*** Opening Dataset records ***
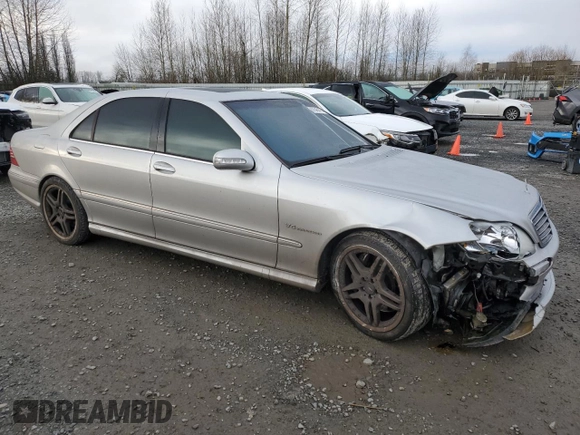 2003 Mercedes-Benz S 55 AMG with VIN WDBNG74J73A357542, listed as a Copart auction lot 87545475 with 76,588 mi miles and Salvage Title. Bid and sale history available at DreamBid. Image 4.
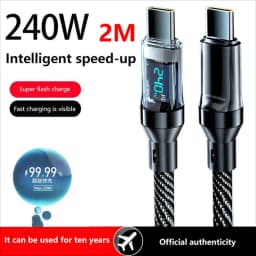 Lenovo Type C To Type C 240W Cable Phone Super Fast Charging Cable With Led Display Usb To Type-c Data Cord For Xiaomi Huawei
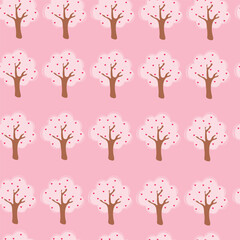 Seamless pattern with romantic trees on pink background. Trees with red hearts on pink background vector illustration.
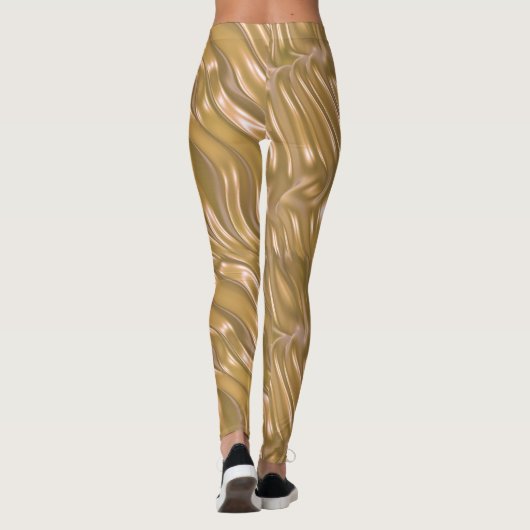 Gold Satin Pattern Leggings -  (Achterkant)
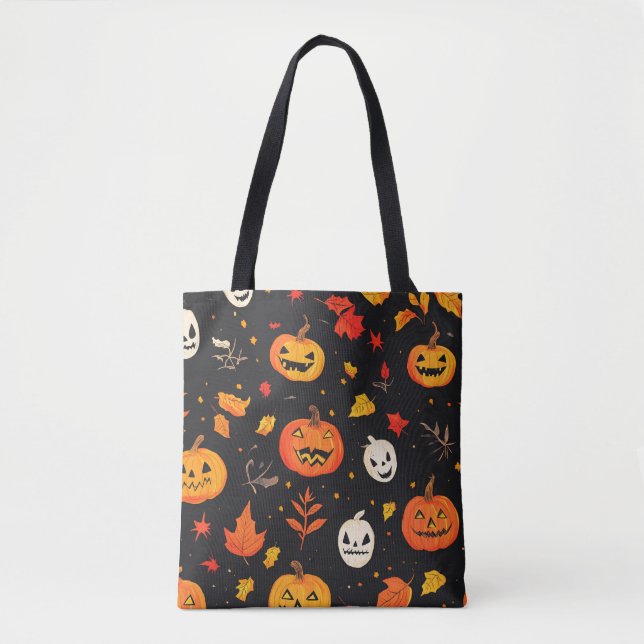Fun Halloween Pumpkin und Blätter drucken Tasche (Vorderseite)
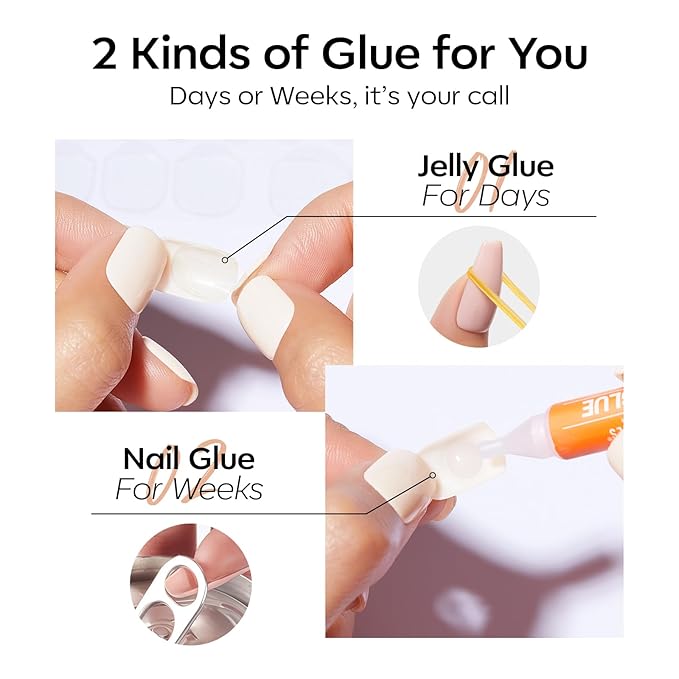 Modelones Brown Press on Nails Almond, Short Fake Nails, Reusable Nail Kit with Nail Glue Adhesive Tabs Mini Nail File, Nails Press Ons 32Pcs 16 Sizes, Women Girl Gift, Amber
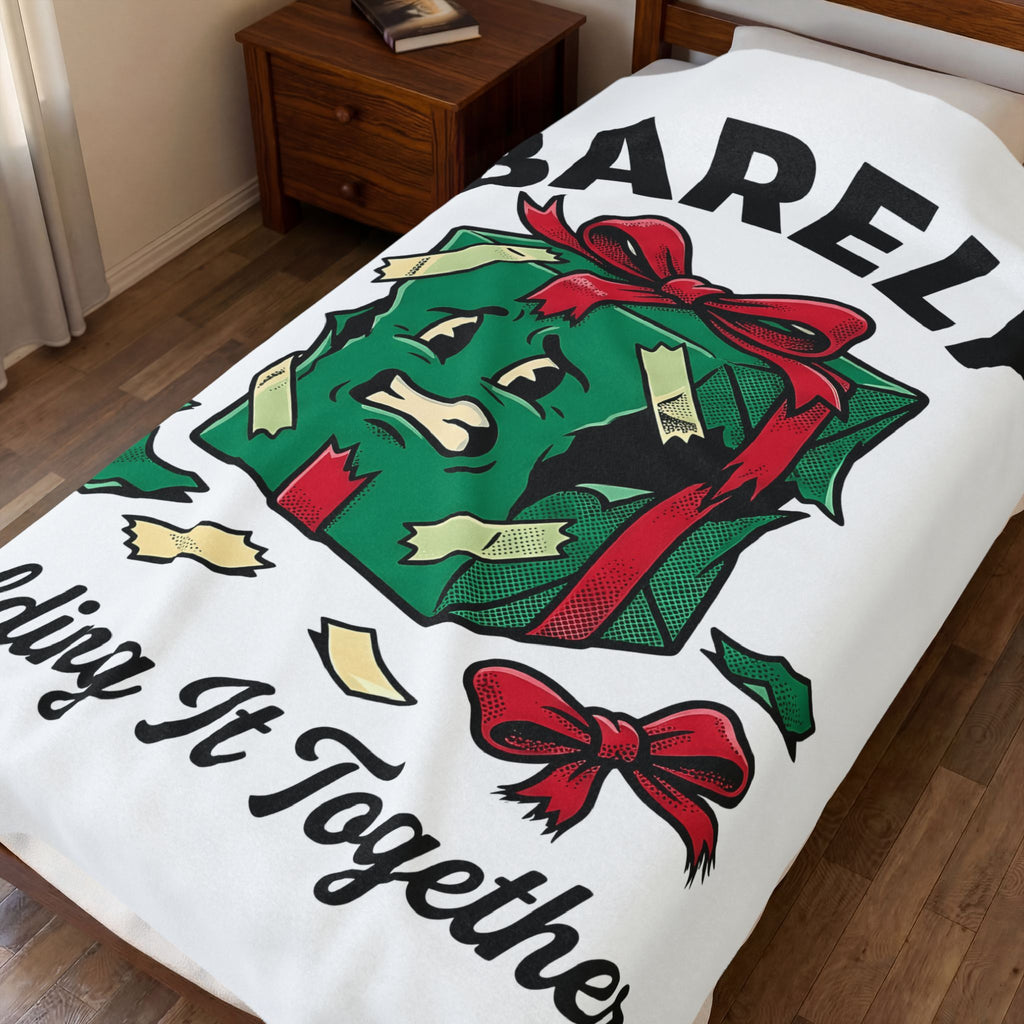 Weathered Package Blanket Christmas Comedy Gift Women Animated Blanket Parcel Blanket Xmas Fan Cartoon Blanket Humor Graphic Old School Knot Blanket
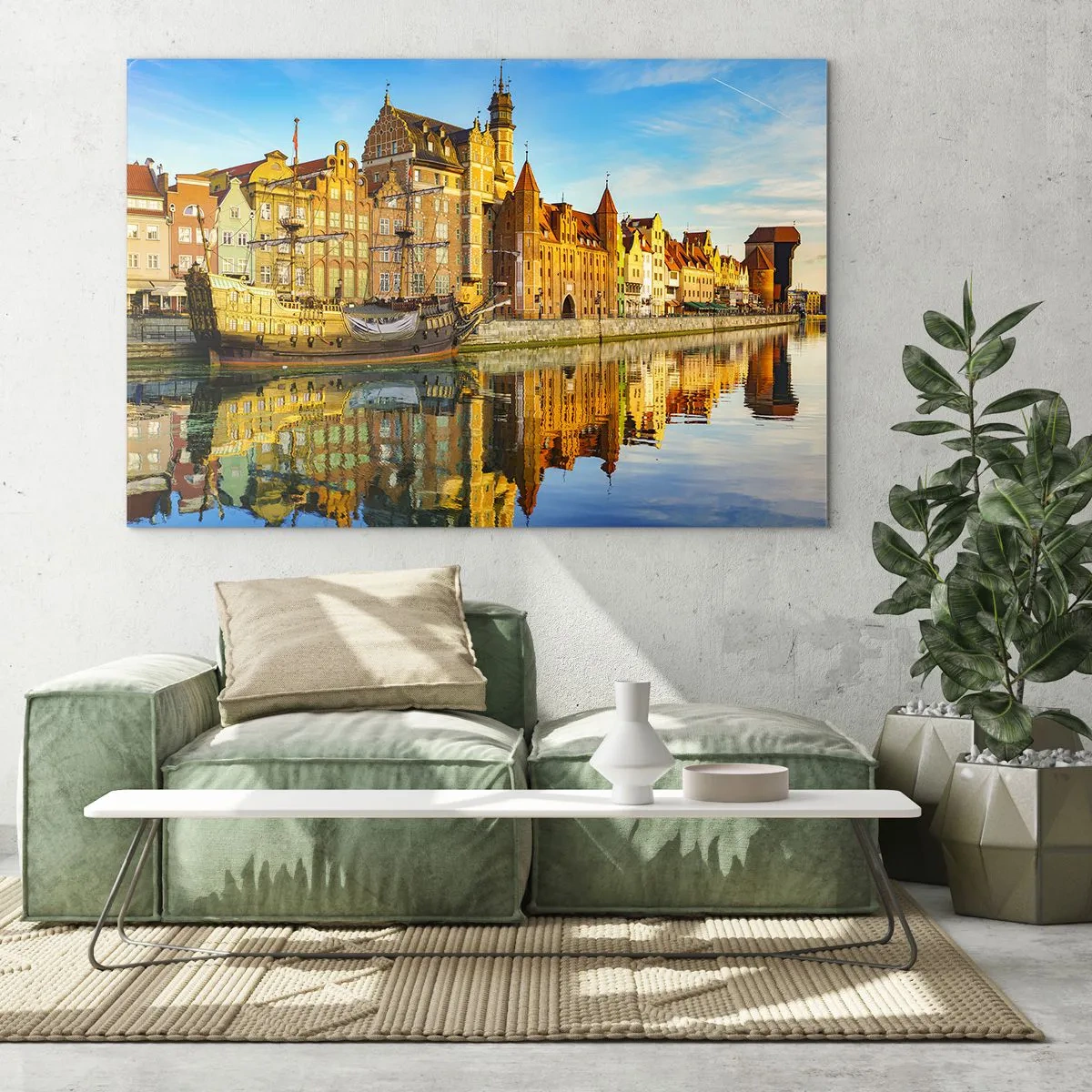 Quadro su vetro - Il centro storico di Danzica con un riflesso nell'acqua - 70x50cm - Il riflesso del passato - Decorazione murale moderna per soggiorno e camera da letto ARTTOR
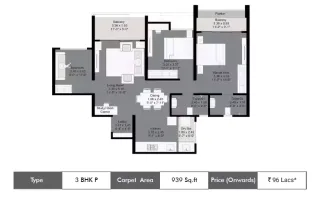 Kohinoor Westview Reserve 3 BHK Premium Floor Plan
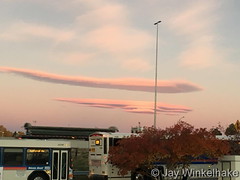 October 17, 2017 - Lenticular clouds on the horizon at sunrise.  (Jay Winkelhake)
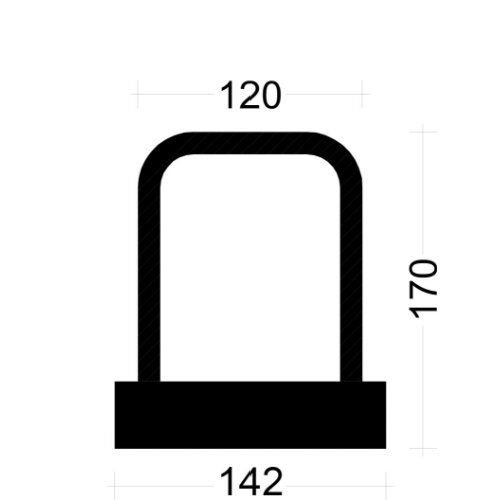  Bügelbreite 12 cm PYRAPLEX Bügelleiste BKV121012E 12mm, s=10cm, b=12cm, Typ"B" h=17cm, lü=46cm, Boxbreite=14,2cm Boxhöhe=50mm, L=125cm  PVC-Dec 12445751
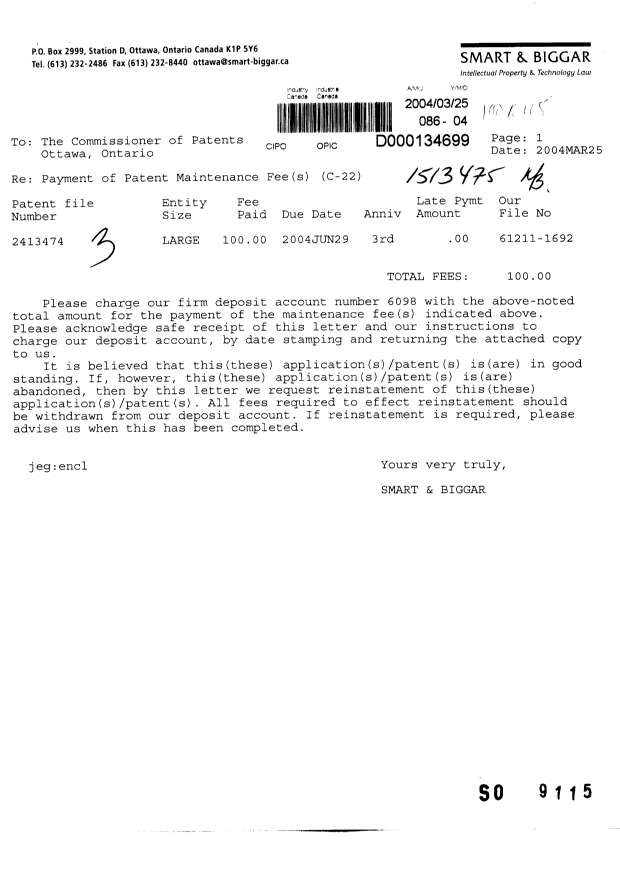 Document de brevet canadien 2413474. Taxes 20040325. Image 1 de 1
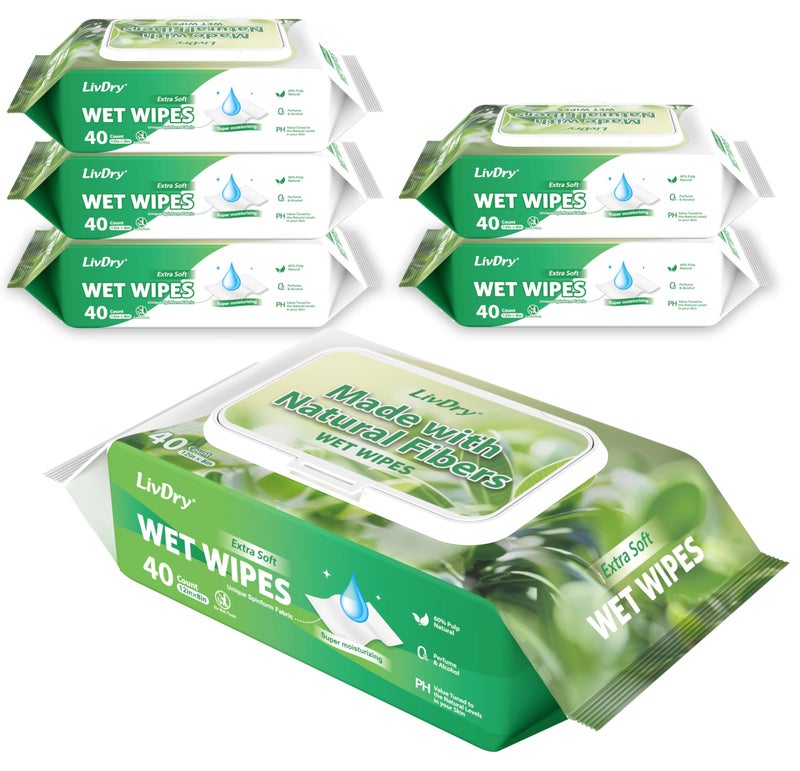 LIVDRY مناديل ليف دراي للبالغين، مناديل كبيرة قابلة للتخلص 12x8 بوصة، مناديل لكبار السن، مناديل لغسل الجسم للتنظيف، 40 قطعة (6 عبوات) - Image 3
*** Closing Dataset records ***
About this task: Give again, exactly as written above, each line from the one that has "Kohinoor Westview Reserve" to the one that has "Document de brevet", both included; omit the pictures.

Solution for this task:
 Kohinoor Westview Reserve 3 BHK Premium Floor Plan
 October 17, 2017 - Lenticular clouds on the horizon at sunrise.  (Jay Winkelhake)
  Bügelbreite 12 cm PYRAPLEX Bügelleiste BKV121012E 12mm, s=10cm, b=12cm, Typ"B" h=17cm, lü=46cm, Boxbreite=14,2cm Boxhöhe=50mm, L=125cm  PVC-Dec 12445751
 Document de brevet canadien 2413474. Taxes 20040325. Image 1 de 1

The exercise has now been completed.